Aux ruines
eska
Rien. Plus rien. Enfin, presque rien. C'est vaste, rien. On l'associe souvent au vide, à l'absence, mais rien, ici, c'est trop. C'est ce que la paix à laissé éparpillé en partant sous le couvert du fracas. Les restes d'hier abandonnés aux rats. On y trouve des souvenirs en lambeaux. Ce lambris blanc ou coururent longtemps mes mains d'enfant. Ce pan de vieille porte en chêne qui s'ouvrait pour accueillir mon fils de retour de la pêche. L'odeur iodée mêlée à la vase qui colle encore à ses bottes. Oh, et la bibliothèque où maman rangeait ses livres favoris entre ses plantes chéries.
Et ce tronc de hêtre centenaire sur lequel je suis assis. Toutes ces choses autrefois bien rangées, placées là où on les y attendait. Comme si la matière avait toujours du se trouver ici, ainsi. Je les contemple maintenant pêle-mêle, brisées dans le vacarme des machines.
Autour de moi des hommes en casque et gilet oranges s'affairent comme si tout ça n'avait jamais existé, les pelles déblaient, les chefs délèguent.
Je ne sais plus quand ni comment, mais c'est tombé comme une sentence. Il s'est agi de décrets, de juges ayant statué, de projets de long terme. Des histoires de délais, de protestations vaines. Quoi, qui, dans quel sens, j'ai du mal à m'en souvenir. Il ne m'en reste qu'un rêve amer, pantomime de costards cravates aussi diserts qu'avares.
Maintenant, on parle de gisements, de nécessité impérieuse. Ou parfois de l'eau potable devenue inflammable.
Moi, dans ce tas de débris, je ne suis personne. Un détail, une nuisance. Je suis ce qu'il à fallu balayer avant de pouvoir avancer, relégué au passé avant même d'être considéré. Du haut de cette colline qui abritait encore hier mon refuge, j'embrasse le paysage du regard. Les forêts y sont de grands aplats de verts vifs et frémissants. Aux petites silhouettes colorées qui s'y égaillent, on devine la présence d'enfants découvrant leur patrimoine. Ailleurs de promeneurs, s'en délectant. Sur les routes, quelques voitures serpentent paresseusement le long des coteaux crayeux où se reflète l'aurore. Tout autour la vie continue, indifférente, faite d'un million de points minuscules aux trajectoires inconnues. Et moi, tout aussi ridicule et bien trop conscient de l'être, à les regarder du haut de mon grand rien. Ma vie effondrée.
Une voiture se gare dans l'allée. Mon fils. Il regarde longuement les débris de ce qui fut notre maison depuis quatre générations. S'appesantit sur les grumes d'arbres à qui l'on parlait comme aux nôtres. Puis, sans un mot, vient m'enlacer et s'asseoir à mes côtés. Le silence s'étire, puis il ose, enfin.
« Ca va ?
-A ton avis ? C'était la dernière selon eux. Tout le quartier est déjà démoli. Il ne restait que la notre.
-Je sais, c'est…
-Un champ de ruines.
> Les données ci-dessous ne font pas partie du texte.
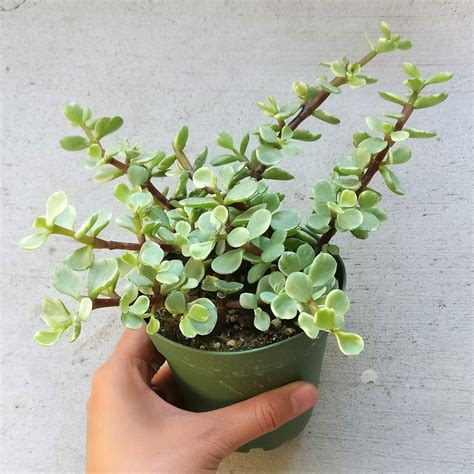 Amazon Portulacaria Afra Decumbent Elephant Bush Succulent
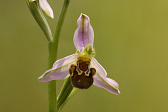Bienen-Ragwurz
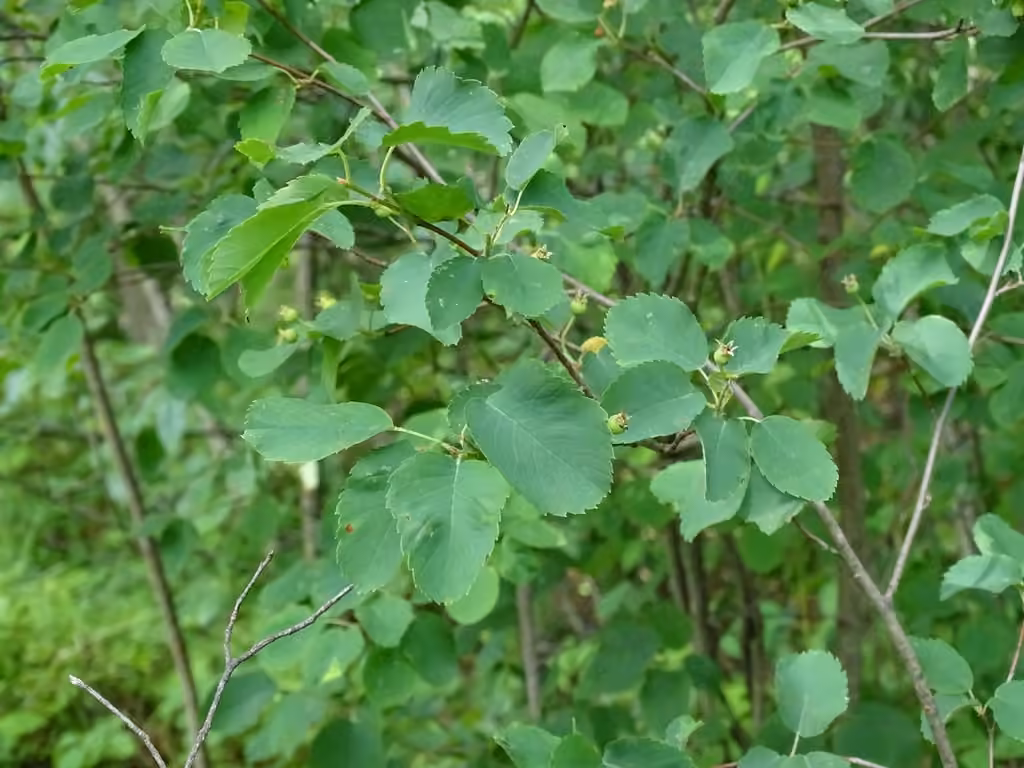 Low serviceberry, In fruit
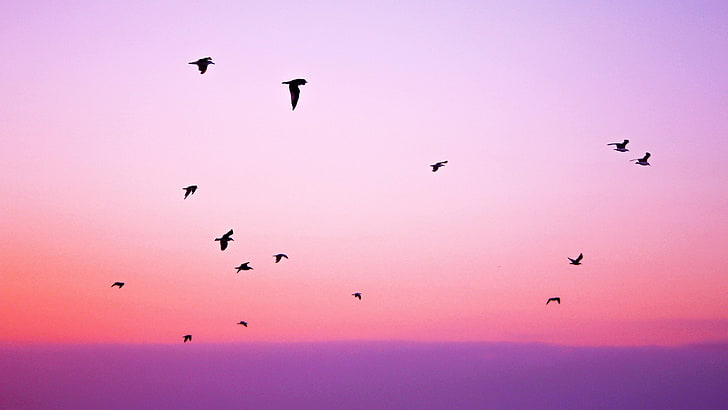 небе, лилаво небе, миграция, птица, сутрин, миграция на птици, изгрев, спокойствие, птици, зора, хоризонт, HD тапет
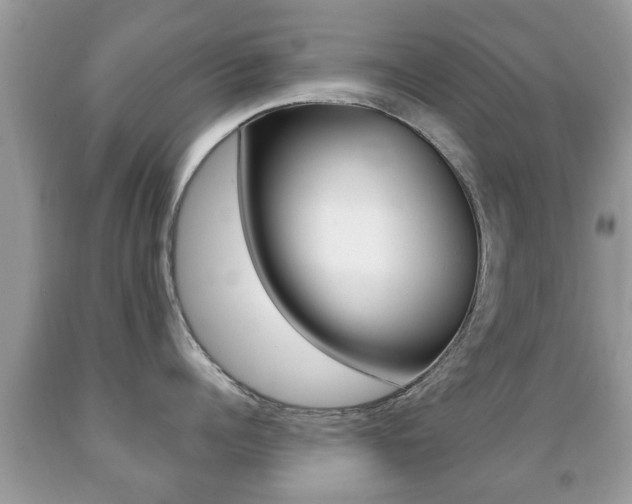 X0000091930960200709051238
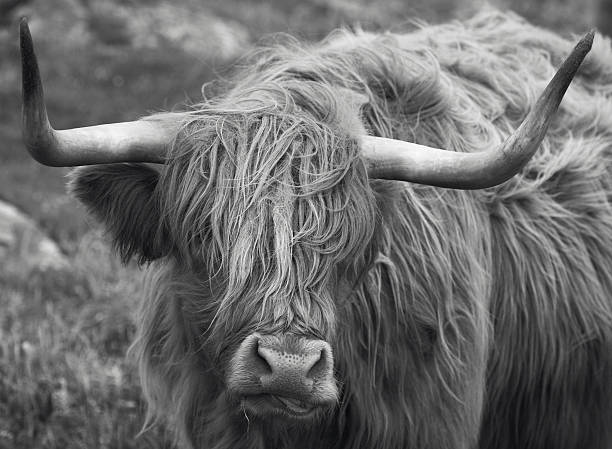 istock Scottish cow in Lewis isle. Hebrides. UK 536511937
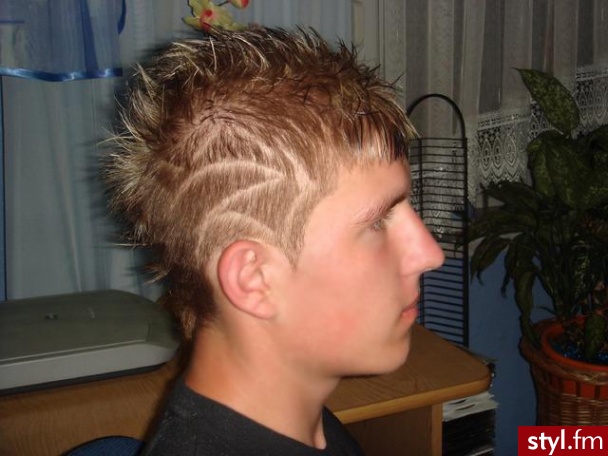 Punk Rock Alternatywne Średnie Fryzury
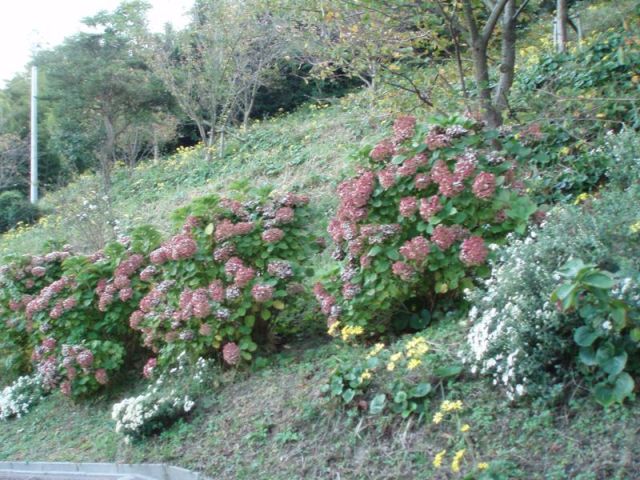 f0181295_110341.jpg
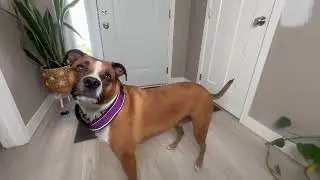 Mayerzon Patented No Pull Collar for Small Medium Large Dogs Beagle German Shepherd Rottweiler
Ca devrait te parler, non ? C'est pas ton boulot de les étudier ?
-Très drôle Papa… Mes ruines ont généralement plusieurs siècles tu sais.
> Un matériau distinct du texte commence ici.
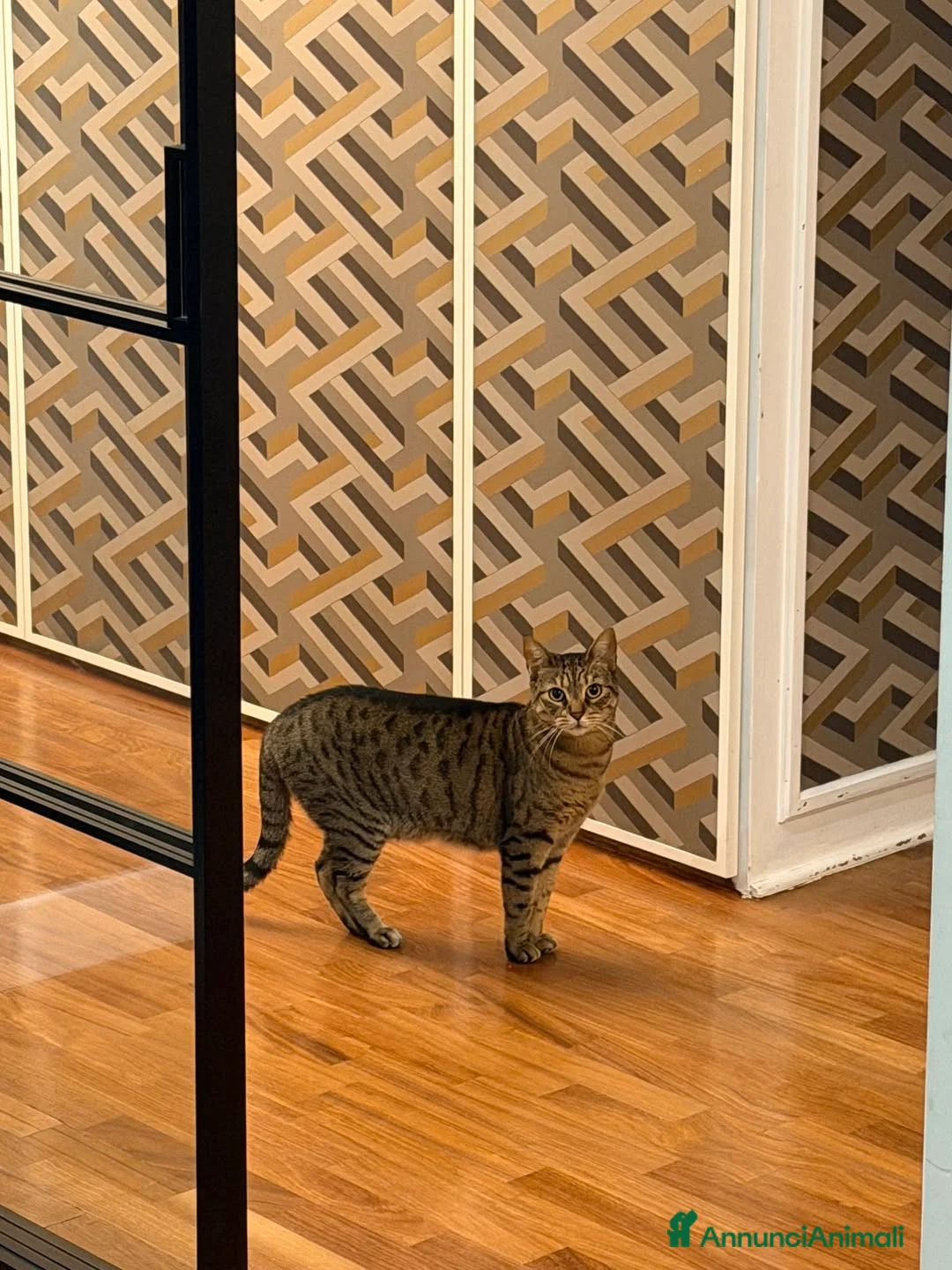 Europeo gatti in regalo: Regalo questa dolce gattina  - Annuncio 1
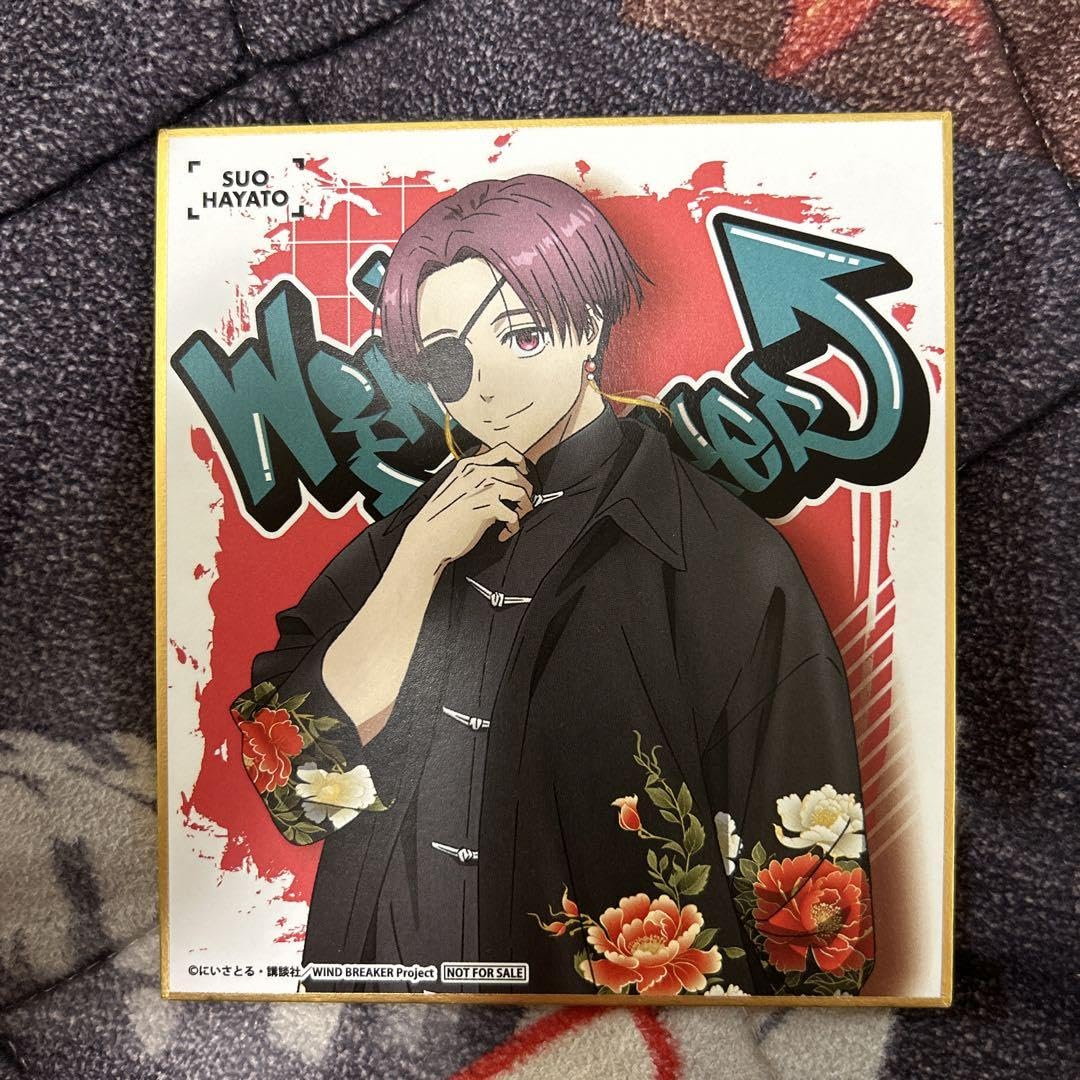 Amazon.co.jp: WIND BREAKER ウィンブレ 蘇枋隼飛 ミニ色紙 : ホビー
-On aura même pas ce luxe la…
-Comment ça ?
-D'être découverts un jour, par des curieux à lunettes qui s'émerveilleront sur la timbale de Lucille qu'on aurait laissé là par mégarde.
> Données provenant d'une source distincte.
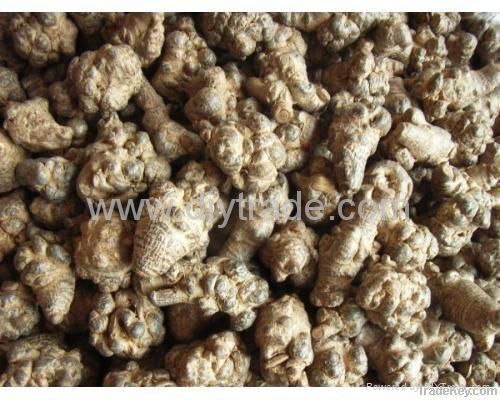 Panax notoginseng extract 5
-Allez, arrête de te morfondre, tout le monde t'attend.
-Mais à quoi ça sert ! A quoi ça sert de trimer, d'en chier depuis qu'on à l'âge d'y penser si c'est pour tout perdre d'un coup de stylo !
-Tu sais, ces ruines dont tu parles, elles racontent une histoire. C'est ça qui nous intéresse. Comment, pourquoi. Ce qu'on cherche, ce sont des souvenirs oubliés. Des récits disparus qu'on reconstitue pièce par pièce. Toi, tu es encore la pour les raconter… Et t'en souvenir.
-Ils me l'ont arrachée, cette histoire la.
-Je sais… mais ne les laisse pas la salir plus. Elle change de décor, c'est tout. On y va ?
-On y va.
Sur le chantier que nous quittons, les costards cravates consomment leur victoire sans joie ni plaisir. Ce n'est finalement, que leur travail. Quand la porte de notre nouveau foyer s'ouvre au passage de mon fils, des odeurs familières reviennent et des éclats de rire saturent l'espace. C'est vaste, rien, si vaste, qu'on finit toujours par y retrouver quelque chose.